There’s no danger of that happening at Bushy Park, though, as Tim (pictured centre in the first picture, above, with Jeff on the left and Rob Freshwater, Senior Brewer at Malt Shovel Brewery, on the right) takes us to where a converted pea harvester is cutting down the metres-tall bines. (No, that’s not a misprint: bines are climbing plants that climb by their shoots growing in a helix around a support – in this case three long lengths of string. Vines, on the other hand, use tendrils or suckers to climb. Here endeth the lesson!)
From there, we’re taken to see the hops being harvested, dried and packed into bales. Some will be sent to breweries in that form, but most – including the varieties favoured by Jeff and the other James Squire brewers – are turned into pellets before being transported.
Science and hops
At first glance, you’d be forgiven for thinking that hop production at Bushy Park – as evidenced by the throb of machinery, by the tractors moving along the rows, by the black irrigation pipes waiting for the pumps to hum into action – is a highly mechanised operation. It is, of course, but only up to a point.
Bushy Park is conscious of its environmental footprint (using sheep rather than insecticides to keep weeds at bay and mulching old bines and other organic matter to use as fertiliser), but it is the work that happens away from the hop fields themselves that is perhaps the most interesting part of the estate and that best exemplifies the difference between hop cultivation in the 21st century to that of the Shoobridge era.

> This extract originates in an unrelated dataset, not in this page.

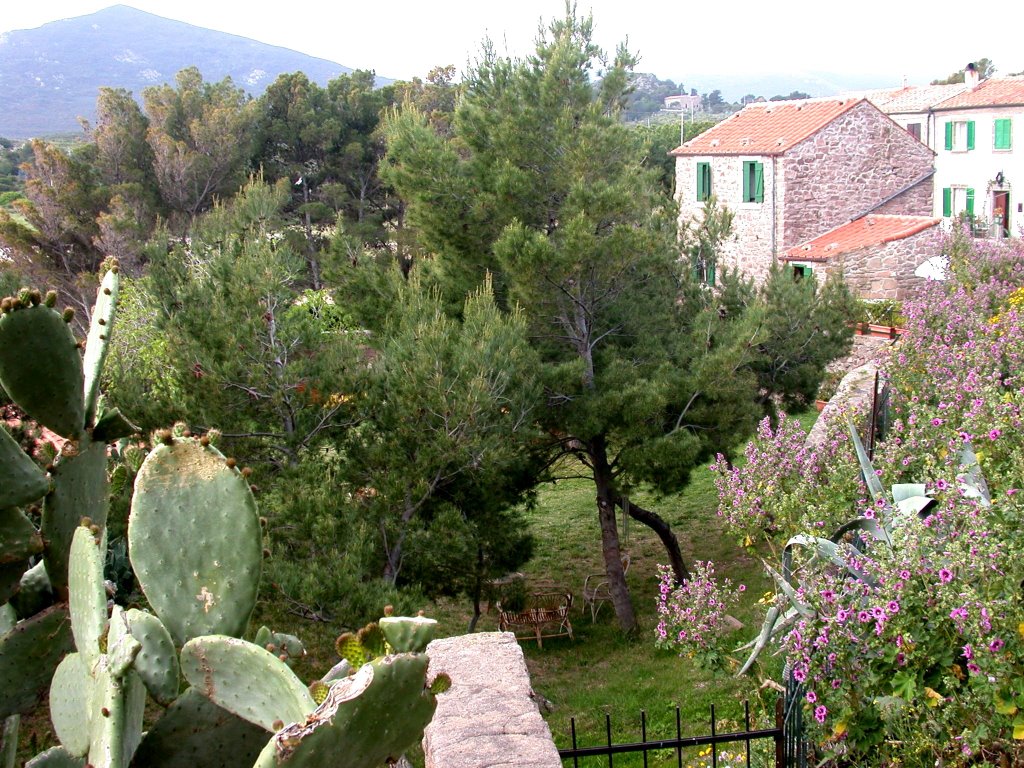 2003, Isola di Capraia, un giardino by Giovanni Mirgovi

The original oast house (aka ‘the Text Kiln’) still stands on the Bushy Park property. It is inscribed with Ebenezer Shoobridge’s name and his favourite passages from the Bible. Back then, it seems, hop production was seen as a partnership – there’s that word again – between Nature and God. Now, though, it's Nature and Science who are working together.
‘We’re investing all the time in research to find new cultivars that we can grow,’ says Tim. Bushy Park has its own breeding program and the new cultivars developed open up new flavour or aroma or bitterness possibilities (as governed by the likes of the alpha acids in the hops) for craft brewers. HPA (which has another hop farm in Victoria) already produces such noted hops as Galaxy, Ella, , Topaz, Summer, Cascade, Pride of Ringwood and more, but it’s the potential inherent in new varieties like Vic Secret (get the joke?) that really excites men like Tim and Jeff.

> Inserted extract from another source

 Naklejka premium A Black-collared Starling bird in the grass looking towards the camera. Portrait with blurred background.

Plus the research conducted at Bushy Park offers greater understanding into the inheritance, molecular genetics, physiology and chemistry of important hop traits. That not only allows for improved efficiency of production, but it gives the brewers greater control during the brewing process.
So whatever your craft beer of choice, take a moment as you savour the flavours to consider the process and the partnership that made it possible – between hop farmer and brewer: brothers in hops, partners in craft.